A tiny subset of some popular datasets is also included in this repository. Just
provide a folder to stereodemo
and it'll look for left/right pairs (either
im0/im1 or left/right in the names):
# To evaluate on the oak-d images
stereodemo datasets/oak-d
# To cycle through all images
stereodemo datasets
Then click on Next Image
to cycle through the images.
Sample images included in this repository:
- drivingstereo: outdoor driving.
- middlebury_2014: high-res objects.
- eth3d: outdoor and indoor scenes.
- sceneflow: synthetic rendering of objects.
- oak-d: indoor images I captured with my OAK-D lite camera.
- kitti2015: outdoor driving (only one image).
pip
will install the dependencies automatically.
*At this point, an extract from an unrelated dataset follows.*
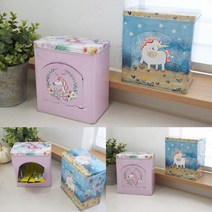 커피믹스 틴케이스 핑크 티백케이스 티백보관함 티백케이스 빈티지틴케이스 티백정리함 탕비실정리함 커피케이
Here is the list:
- Open3D. For the point cloud visualization and the GUI.
- OpenCV. For image loading and the traditional block matching baselines.
- onnxruntime. To run pretrained models in the ONNX format.
- pytorch. To run pretrained models exported as torch script.
- depthai. Optional, to grab images from a Luxonis OAK camera.
I did not implement any of these myself, but just collected pre-trained models or converted them to torch script / ONNX.
-
CREStereo
- Official implementation and pre-trained models: https://github.com/megvii-research/CREStereo
- Model Zoo for the ONNX models: https://github.com/PINTO0309/PINTO_model_zoo/tree/main/284_CREStereo
- Port to ONNX + sample loading code: https://github.com/ibaiGorordo/ONNX-CREStereo-Depth-Estimation
-
RAFT-Stereo
- Official implementation and pre-trained models: https://github.com/princeton-vl/RAFT-Stereo
- I exported the pytorch implementation to torch script via tracing, with minor modifications of the source code.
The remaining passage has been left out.